(SUPPLIED ENTRIES)

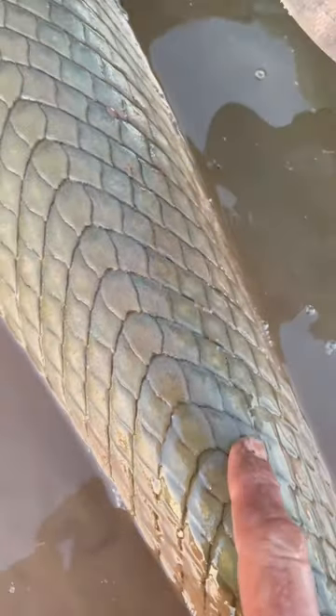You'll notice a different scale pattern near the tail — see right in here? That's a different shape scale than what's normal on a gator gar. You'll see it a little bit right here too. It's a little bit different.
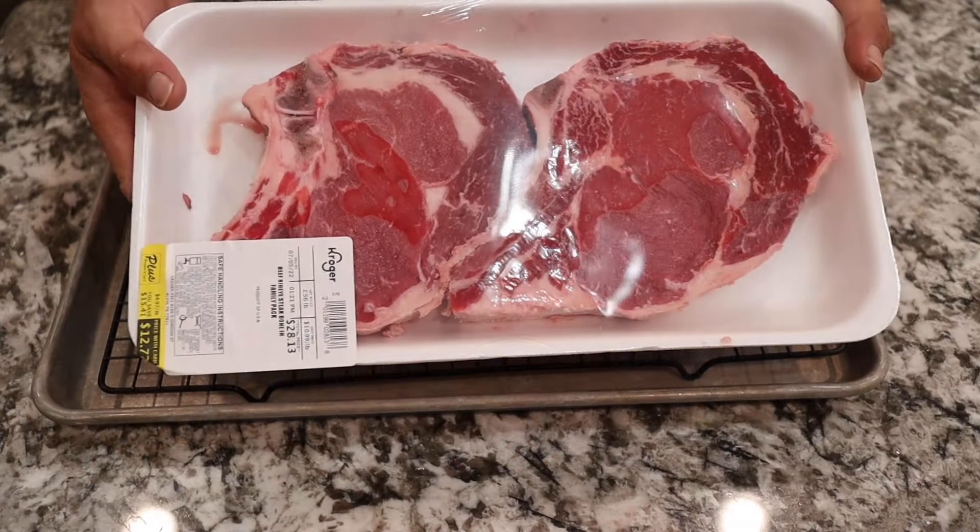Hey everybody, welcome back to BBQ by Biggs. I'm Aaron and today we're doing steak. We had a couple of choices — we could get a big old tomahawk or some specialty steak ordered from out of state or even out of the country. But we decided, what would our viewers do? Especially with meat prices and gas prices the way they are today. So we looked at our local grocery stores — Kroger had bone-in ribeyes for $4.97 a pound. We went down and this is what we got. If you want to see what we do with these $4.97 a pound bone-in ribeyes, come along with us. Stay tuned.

(End SUPPLIED ENTRIES)
(SUPPLIED ENTRIES)

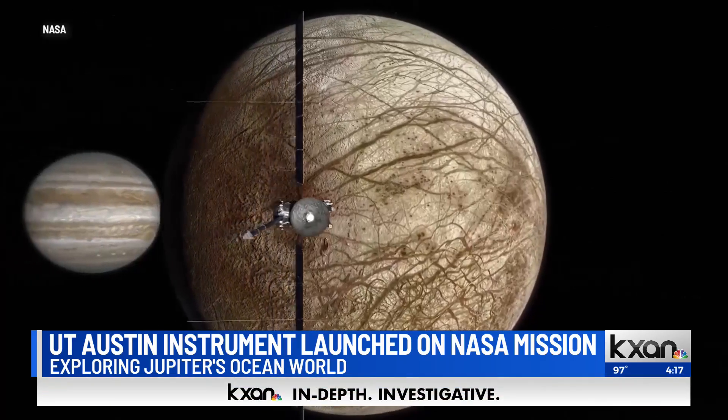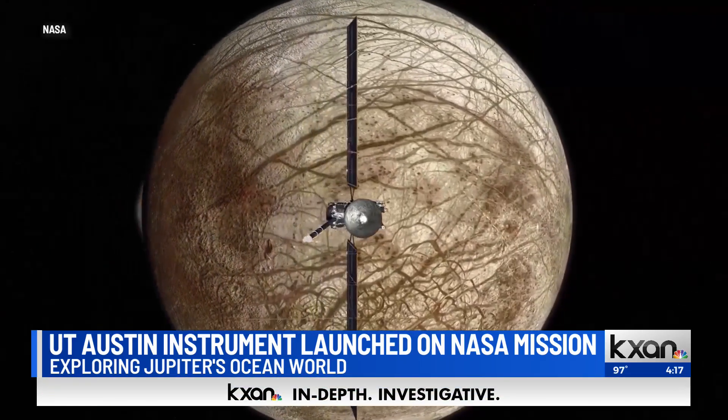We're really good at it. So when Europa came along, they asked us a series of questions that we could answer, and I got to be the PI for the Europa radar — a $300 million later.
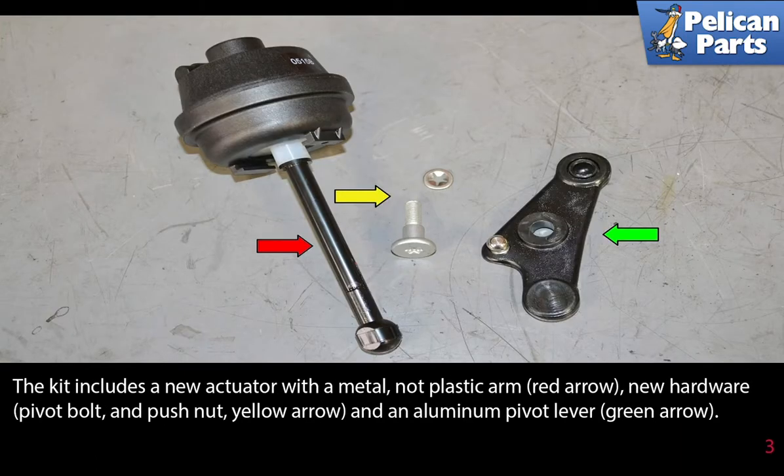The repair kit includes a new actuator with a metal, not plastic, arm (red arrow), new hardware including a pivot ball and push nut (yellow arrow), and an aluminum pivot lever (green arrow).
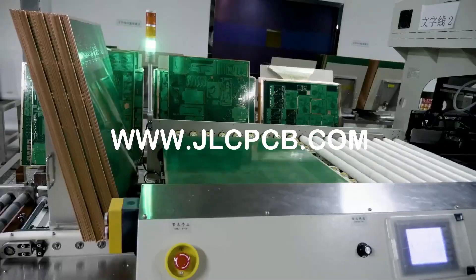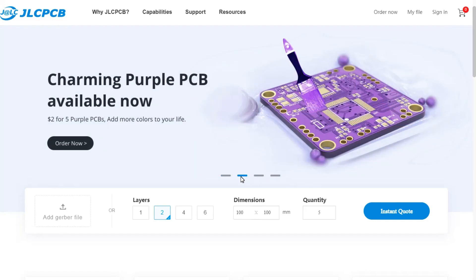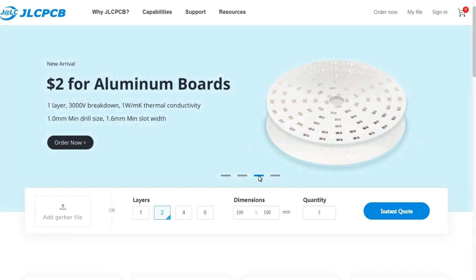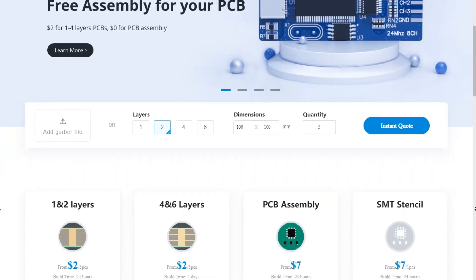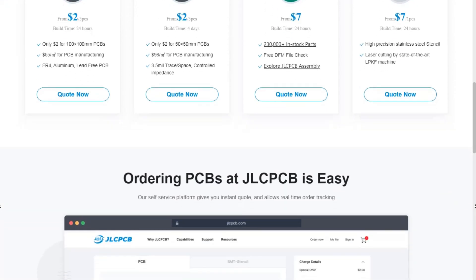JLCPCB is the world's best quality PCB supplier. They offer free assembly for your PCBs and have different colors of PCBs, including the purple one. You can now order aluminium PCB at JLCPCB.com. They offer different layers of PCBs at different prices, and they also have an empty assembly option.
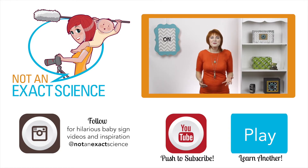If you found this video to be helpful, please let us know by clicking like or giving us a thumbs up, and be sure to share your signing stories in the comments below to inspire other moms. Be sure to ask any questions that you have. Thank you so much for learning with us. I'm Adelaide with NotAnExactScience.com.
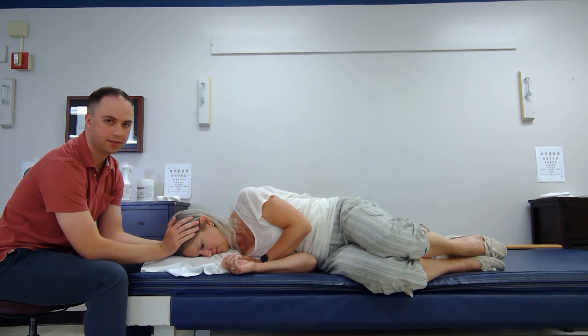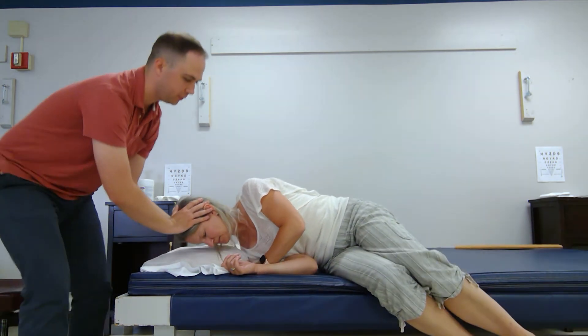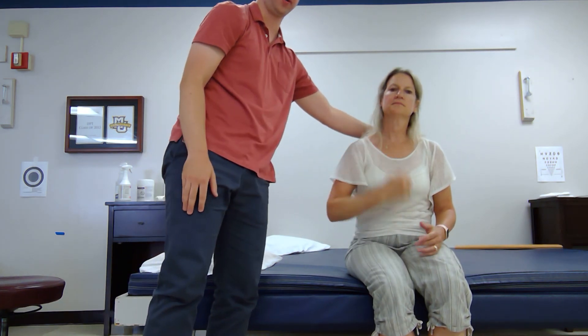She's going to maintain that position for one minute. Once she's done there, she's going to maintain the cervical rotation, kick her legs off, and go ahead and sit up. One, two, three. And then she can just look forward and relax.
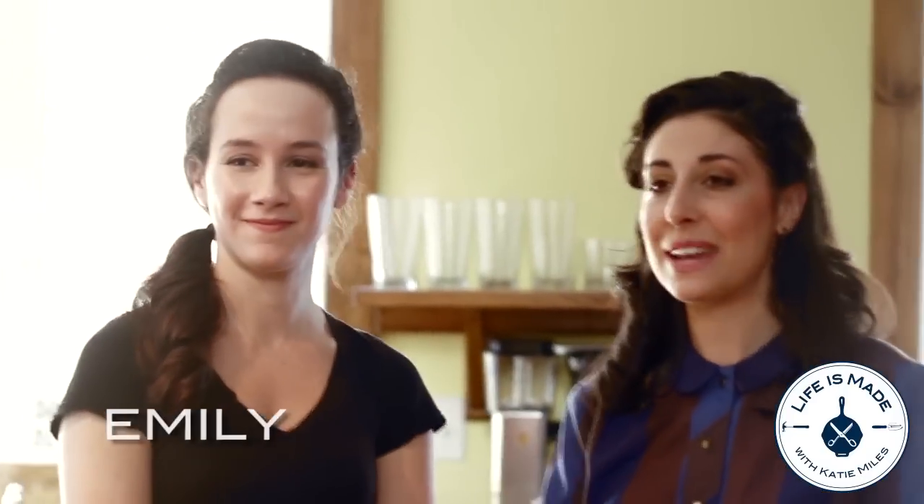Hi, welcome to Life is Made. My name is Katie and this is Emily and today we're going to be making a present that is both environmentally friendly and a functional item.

(End SUPPLIED ENTRIES)

Look above for the line with "JLCPCB is the", then give again exactly every line from there through the line with "If you found", skipping the pictures.

**WRITTEN RESPONSE**
JLCPCB is the world's best quality PCB supplier. They offer free assembly for your PCBs and have different colors of PCBs, including the purple one. You can now order aluminium PCB at JLCPCB.com. They offer different layers of PCBs at different prices, and they also have an empty assembly option.
If you found this video to be helpful, please let us know by clicking like or giving us a thumbs up, and be sure to share your signing stories in the comments below to inspire other moms. Be sure to ask any questions that you have. Thank you so much for learning with us. I'm Adelaide with NotAnExactScience.com.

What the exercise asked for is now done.